Volleyball is suddenly there at her elbow, and that’s when Pearl realizes that she might be swaying a little; careful arms come around her, guide her to the stairs. There’s silence behind them, around them, as Pearl lets herself be led out of the arena. She doesn’t glitch until they’re through the doorway and out of sight of the students; Volley grips her tighter with a quiet oh and then sweeps Pearl into a bridal carry and hurries down to the warp pad.

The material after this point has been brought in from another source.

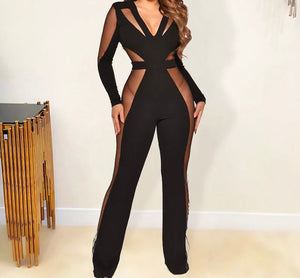 Women Sexy Mesh Patchwork Full Sleeve Fashion Jumpsuit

“I’ll be fine,” Pearl tries to assure her, though she thinks she might be slurring; her wrist and face and head are all throbbing, increasingly painfully now that adrenaline is wearing off.
“Pearl,” Volley replies, a plea and an admonition at once. She steps onto the pad, and then they’re in the bright, cold space of the warp.
“That was incredible. Your weapon. It’s called a kusarigama. I—” she glitches again, “—I think I have one in my collection, but not as nice as that.”
Volleyball makes a choked little noise. “Pearl, please stop talking, you sound strange and it’s very upsetting.”
They arrive on the warp pad outside Rose’s fountain, and Pearl shifts a little in Volleyball’s hold. “At least put me down and let me walk.”
“Don’t be stupid, you can’t even stand up,” Volley scolds, and she’s crying, which is awful to see. Pearl closes her eyes against it, but gives in and leans her head against Volley’s shoulder as she hurries to the fountain’s edge.
“Every pearl can stand up. You were very brave.”
Volley lowers her gently into the water, and the relief is immediate; Pearl groans softly as her gem repairs itself and her bruised and broken parts go pleasantly numb. When she opens her eyes again, Volleyball is watching her with a tear-streaked face. Then she kneels down beside Pearl in the water, gathering Pearl’s hands into her own, and gently kisses her gem and her nose and then, tenderly, her mouth. “I wasn’t brave. I just fell in love.”